You've won a studio space in New York, what do you like about New York City and/or Brooklyn?
New York is fabulous. It is exciting and has an amazing art culture. My studio in Brooklyn at the Sharpe-Walentas Studio Program is perfect. It is the nicest studio I have ever had. I am enjoying my time in New York more than I can express.
Any new projects?
My newest project is called The More Things Change the More They Stay the Same. I use self-portraiture as a narrative device to explore the areas of identity, race, identity perception, African American history, and social justice. I often use my own racial identity as the topic of my work. I have experienced fluidity in the perception of my race and ethnicity as a light skinned, biracial Black man. My struggles to fit into a racial group category and how I fashion an authentic self, while constantly feeling like an outsider, is the foundational and emotional content of my work. I am primarily interested in the experiences of biracial people who might share in this struggle. Is there a unique bi-racial experience? My work seeks to find out.
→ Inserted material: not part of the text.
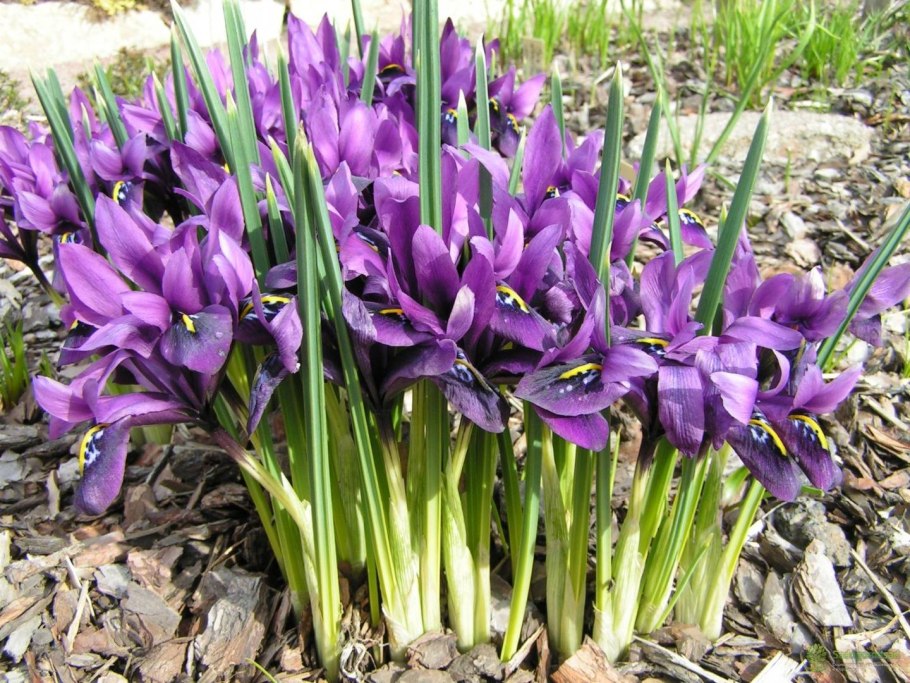 Лопатка ириса что такое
Along with my personal identity struggles, the historical legacy of racism in the United States for communities of color informs my experiences. My current work responds to the police killings of unarmed Black men, women, and children across America. While this is a constant attack on the Black community, the increased international media attention, public awareness, and public movements are new phenomena. The recent killings of Trayvon Martin and Eric Garner to Tamir Rice and Michael Brown, illustrate that Black victims can range in age from 12 to 50 years old. This raises the question of the value of Black bodies in contemporary America, which is linked to a long history of violence against its Black population through slavery, Jim Crow, and mass incarceration. My aim is to locate myself in this discussion as a biracial Black man who has both been the victim of racism and has in some instances “passed” for white because of my light skin. I see this as the cost of a legacy of racism that is particularly troublesome to me and this conversation must continue.